I'm pleased with today's run, about 11 miles I guess (have to go measure it.) The second hour I was in pain. I guess it's relative, though..... not enough pain to stop running, just enough to make the run miserable. My gymnast granddaughter Gracie (9) ran me through a bunch of stretches with her afterwards. That was fun do do with her and maybe it helped. I'm not tired at all from the run, just that soreness in my tendons and butt.

Friday, October 19, 2007

CHANGES

I have not been here in Blogland for so long.

We have been away from Internet access, except for the McDonalds wi-fi and our son's house. We've been back "home" in western Maryland at Deep Creek State Park the last several weeks.
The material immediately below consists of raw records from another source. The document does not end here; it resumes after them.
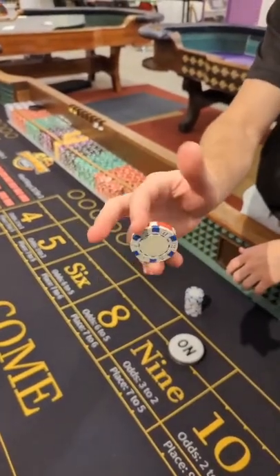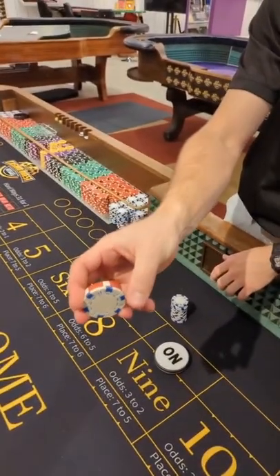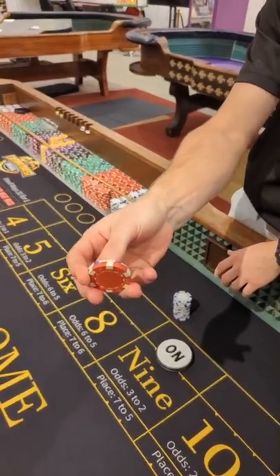You're going to hold it with ideally these two fingers. You can have your third finger resting on it. You're just going to take your thumb and move that white chip up and over, just like that.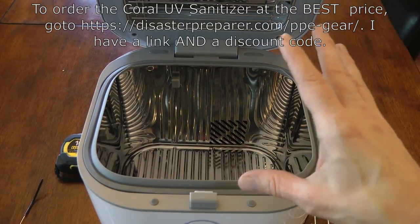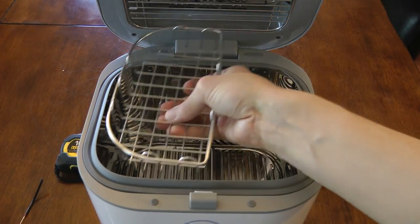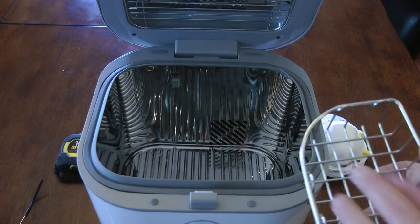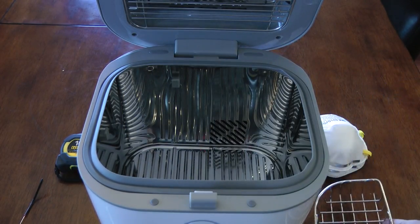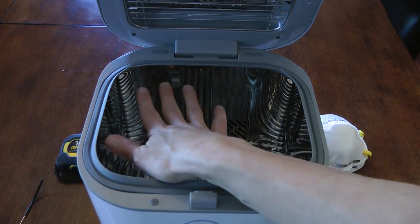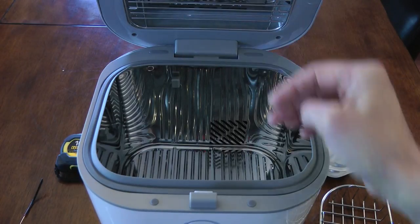The Coral Sanitizer comes with small plastic hooks in it, which are used to support the basket. The basket goes in one corner and you could put small items on it, like a cell phone or keys. That works great because it keeps those items very close to the top of the chamber, where the two bulbs are.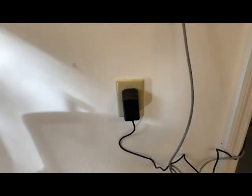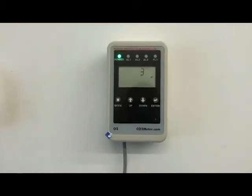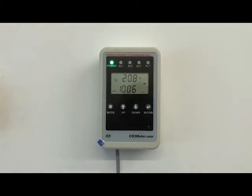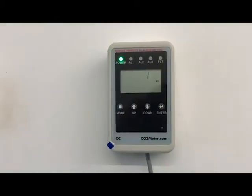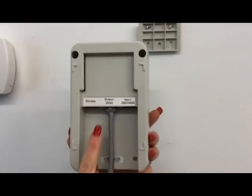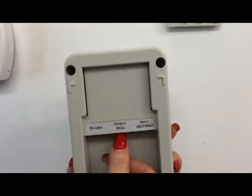Next, plug the main sensor unit into the wall outlet to provide power to the device. Once the power has been connected, your remote oxygen depletion safety alarm will perform a self-check and countdown. If the main sensor does not complete its self-check and countdown, ensure that the CAT5 cable is plugged into the correct port.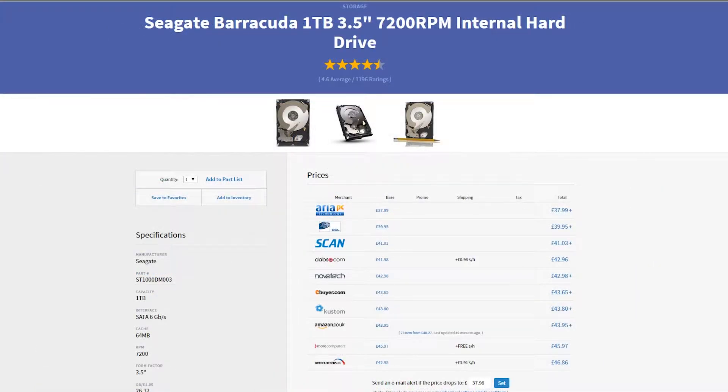The storage drive for this build will be a Seagate Barracuda 1TB, 3.5 inch, 7200RPM internal hard drive. We recently put this into the build because the WD 1TB has gone up in price, so we decided to put the Seagate Barracuda in — Rob has one and swears by it. Like GSPC1, we chose this hard drive because the 7200RPM means it's not going to slow down, and with 1TB of space you'll have endless room to store everything. A very good all-rounder.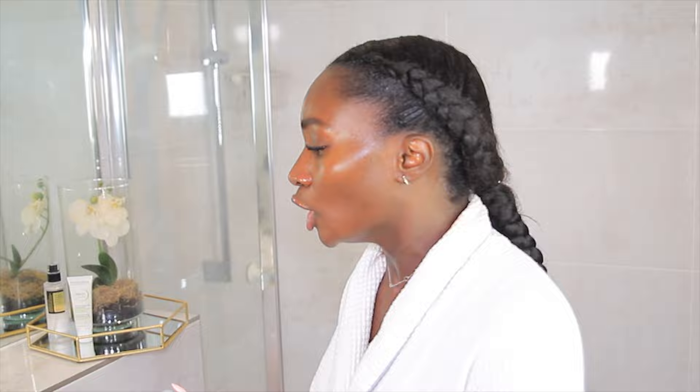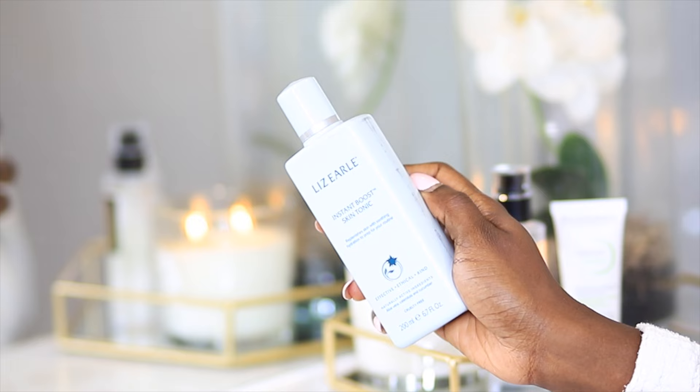The next thing you want to do is to take your toner, if you've got one. I absolutely love using toners, but if you haven't got a toner, you can skip this step. Grab any toner of your choice — the one I'm using today is from Liz Earl, their Instant Boost Skin Tonic. Put a bit on a cotton pad, or spray it on your face, or put some on your palm and apply. Wipe your entire face. Toners help to further remove dirt and impurities that the cleanser may have missed, and they also prep the skin for the products that will be subsequently applied.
Now we're en route to Austin, TX for the winter, via Ohio to see our daughters and other grandchildren, then Michigan to visit Steve's parents and one of his sisters and her extended family. I will need to stay late at Mom-in-Law's on Nov. 3 to watch Linae's Ironman Florida finish, since we won't have web access at our Michigan campground either.



I had this big plan, Plan A (without knowing it was Plan A and the plans might eventually span the alphabet) to pack up a bunch of gear, buy a plane ticket from Austin to Atlanta, and start hiking the Appalachian Trail late in March.



Everything has changed. There's good news and bad news.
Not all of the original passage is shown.